Ude (SPD) hatte sich in seiner Amtszeit für den Einsatz von Open-Source-Software in der Verwaltung stark gemacht. Im Interview mit dem Linux-Magazin sagt er heute: "Ich denke, dass das politische Kalkül des Kurswechsels nicht aufgehen wird und irgendwann die Frage auftaucht: Warum hat man die schon eroberte Unabhängigkeit aufs Spiel gesetzt?" Auch zu den veranschlagten Kosten äußert sich der Ex-Oberbürgermeister skeptisch. 2017 hieß es, dass die Remigration zu Microsoft-Software 86 Millionen Euro kosten werde. Ude merkt jedoch an, dass die tatsächlichen Kosten praktisch immer höher seien als im Kostenvoranschlag. Er rechnet damit, dass das auch bei der Münchner Verwaltung der Fall sein werde.

Besuch von Steve Ballmer

Microsoft habe intensives Lobbying betrieben, so Ude und "jede Form der Seelenmassage" angewendet "vom galoppierenden Preisnachlass während einer einzigen Unterredung bis zum Einsatz des Megastars Bill Gates". Steve Ballmer, damals Vizepräsident bei Microsoft, sei direkt von einem Urlaubsaufenthalt in der Schweiz angereist. "Mit seiner bekannten Begeisterungsfähigkeit, mit der er auf Konferenzen dynamisch auf der Bühne herumspringt, sprang er bei mir im Amtszimmer herum und pries erst einmal die Schönheit Münchens. Aber dann sagte er, ich stünde vor einer katastrophalen Fehlentscheidung, die ich niemals vor irgendwem verantworten könne, vor allem vor keinem Steuerzahler." Ballmer habe in dem Gespräch mehrere Millionen Preisnachlass in Aussicht gestellt.

Auch mit Bill Gates habe er Kontakt gehabt. Auf dessen Frage, wieso München auf Linux setze, habe Ude geantwortet, dass man unabhängig sein wolle. Der Microsoft-Gründer habe den Schritt als "unsinnig" und "Ideologie" bezeichnet, erinnert sich der Ex-Oberbürgermeister.
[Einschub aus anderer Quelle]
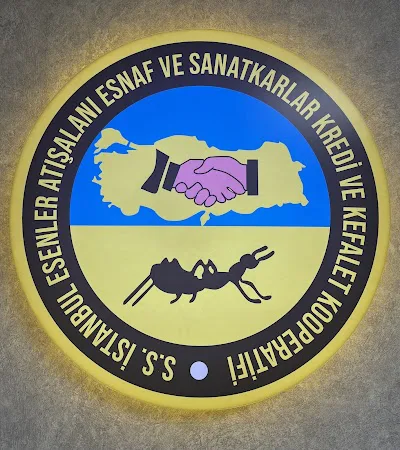 ESENLER ESNAF VE SANATKARLAR KREDİ KEFALET KOOPERATİFİ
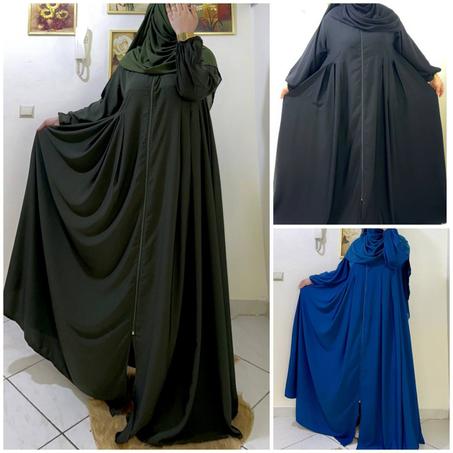 عباءة نوارة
Tatsächlich waren auch Preiserhöhungen und der Rückzug von Support-Leistungen seitens Microsoft Gründe für die Entscheidung zum Wechsel zu Linux gewesen.

Politische Umfaller

Während die CSU immer gegen Linux aufgetreten sei, habe es bei der SPD und den Grünen "Umfaller" gegeben, so Ude. Der erste Vorstoß in Richtung Remigration zu Microsoft sei sogar von einer Politikerin der Grünen gekommen. Die SPD habe das Projekt 2013 noch als Pioniertat gelobt, ein Jahr später aber schon wieder zu Microsoft tendiert. (red, 12.11.2019)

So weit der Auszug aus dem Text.